JOHN: That makes a good one hundred and twenty-one combinations for each letter.
JACQUES: Yes, and we must double this number, for the letter may or may not be posted for
rural delivery.
JOHN: This means, then, that the hundred letters will have to be scrutinized 24,200 times. Then what does the postmaster do?
JACQUES: He writes the weight in one corner and the amount of the postage due in the very middle of the address, in the form of a conventional symbol in use in the postal service.
JOHN: And then?
JACQUES: He postmarks them; he divides the letters into ten packets, according to the post offices to which they are to be sent; and he adds up the total postage for the ten packets.
JOHN: And then?
JACQUES: Next, he writes the ten sums down a column in one account book, and across the columns of another.
JOHN: And then?
JACQUES: Then he writes a letter to the postmaster at each of the ten points of destination in order to inform him of the accounting item that concerns him.

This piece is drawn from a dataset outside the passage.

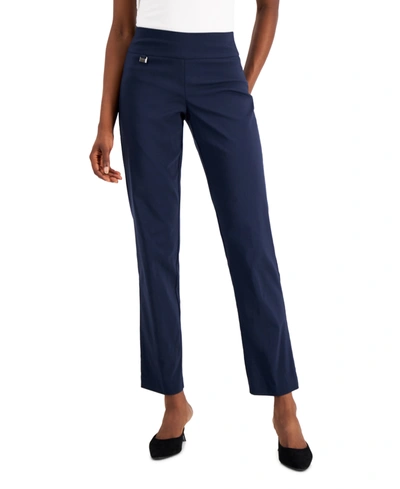 Alfani Women's Tummy-control Pull-on Straight Leg Pants, Created For Macy's  In Blue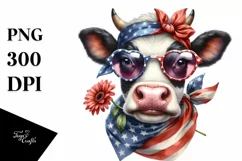 Fancy es Cow Portrait Wearing | Sublimation | Clipart Product Image 1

JOHN: Suppose the letters are prepaid?
JACQUES: Oh, then, I must admit, the service becomes a little complicated. The postmaster must receive the letter, weigh it and determine the distance it is to travel, as before, collect the postage due, and make change; choose from among thirty postmarks the one that applies; note on the letter its zone number, its weight, and the postage; transcribe the entire address first into one account book, then into a second, then into a third, then onto a separate slip; wrap the letter in the slip, send the whole well tied with string to the postmaster at the point of destination, and record each of these circumstances in a dozen columns of the fifty that line his ledger.
JOHN: And all that for just forty centimes!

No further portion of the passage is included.